Ada yawned, looked at her goons as if her curiosity had been piqued and had settled again, and she was about to order them to throw us out. I drew a deep breath and counted to three.
“You owe me, Ada,” I managed.
Ada stiffened, her gaze locking onto mine.
“Don’t pretend you don’t know what I’m talking about,” I continued, surprised by my own daring. “I saved the life of a member of your family. People know that. They might know that you never paid me back.”
“You’ve got some balls, Neighbor girl,” Ada said quietly.
“I know you’re curious,” I said. “You owe me, and this case makes you curious. You know Dayly and you don’t like what’s happened to her. I can see it on your face. You’re just afraid of doing a nice thing, what people will think of that. You have a reputation to maintain. Well, I can promise you, Sneak and I will never tell any—”
“You think I sit here all day long sweating my perfect ass off about what people think of me?” Ada asked, her voice heavy with menace. “You think I’m that fucking pathetic?”
“No.” I struggled with the word, every muscle in my body tensed with terror. “No, Ada.”
She fell quiet. I held her gaze, but only just. A minute passed, maybe the longest minute of my life. I counted the seconds and wondered what piece of me Ada might order her goons to chop off when she finally spoke again.
“I can give you five thousand dollars and a reasonable car,” Ada said.
Sneak made a sound, like a shocked exhalation. I felt the dread fall over me like a blanket.
“That’s too much.” I put a hand up. “We couldn’t possibly pay back anything like—”
“We could use some guns,” Sneak said.
“No we couldn’t,” I snapped. “We don’t want any guns. We don’t even want—”
“Get these assholes out of here.” Ada waved at the men behind us. I was dragged out of my chair by my arm, Fred’s fingers digging into the tender flesh under my bicep. I tried to call to Ada as we were ushered out, but she ignored me, taking a whiskey glass from her desk drawer and pouring herself a nip.
Fred and Mike shoved us down another dark hall and out the back doors of the club. I lifted the hem of Sneak’s shirt and pressed it against her ear, pushed her hand against the wad of fabric so she would hold it and stem the bleeding.
“Why did she do that?” Sneak asked.
“Because she’s crazy,” I murmured, in case there were cameras with audio around us in the parking lot. “I shouldn’t have brought us here. I’m sorry. We’ll go back to my place and I’ll fix your ear.”

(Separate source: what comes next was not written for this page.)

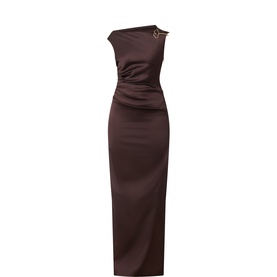 Dream Asymmetric-Shoulder Satin Gown Dress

“No, I mean why did she agree to help?”
“She likes things to be even. And I challenged her pride,” I said. “What was all that about guns?”

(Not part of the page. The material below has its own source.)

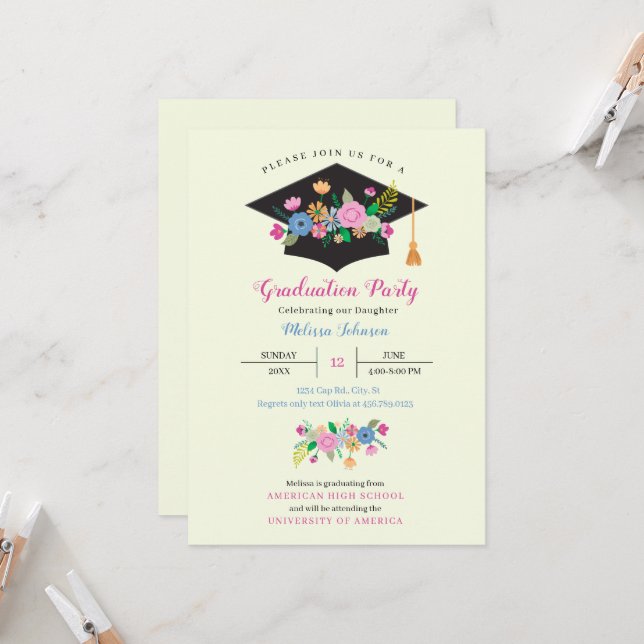 Floral Cap Graduation Party Invitation (Front/Back In Situ)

“We could use them,” she said. “We don’t know what we’re up against here.”
“I’m not hanging around you while you’re armed,” I said. “The only time you’re sober is when you have to go to court.”
“Should I give this to you, then?” She pulled an enormous black gun out of the waistband at the back of her skirt.
“Jesus! Where did you get that?”
“I lifted it off Mike. I got his wallet, too.” She produced the wallet from her cleavage.
“Give me those.”
Fred and Mike emerged from the club doors again. I presented Mike with his gun and wallet, and the big man snorted in surprise and anger, patting his coat pockets as though he was sure they were replicas I was offering. Fred put a banded stack of cash in my hands, as thick as a sandwich, and handed Sneak a single car key attached to a key ring with a miniature eight ball on it. He pointed to the back of the lot without taking his small, mean eyes off me.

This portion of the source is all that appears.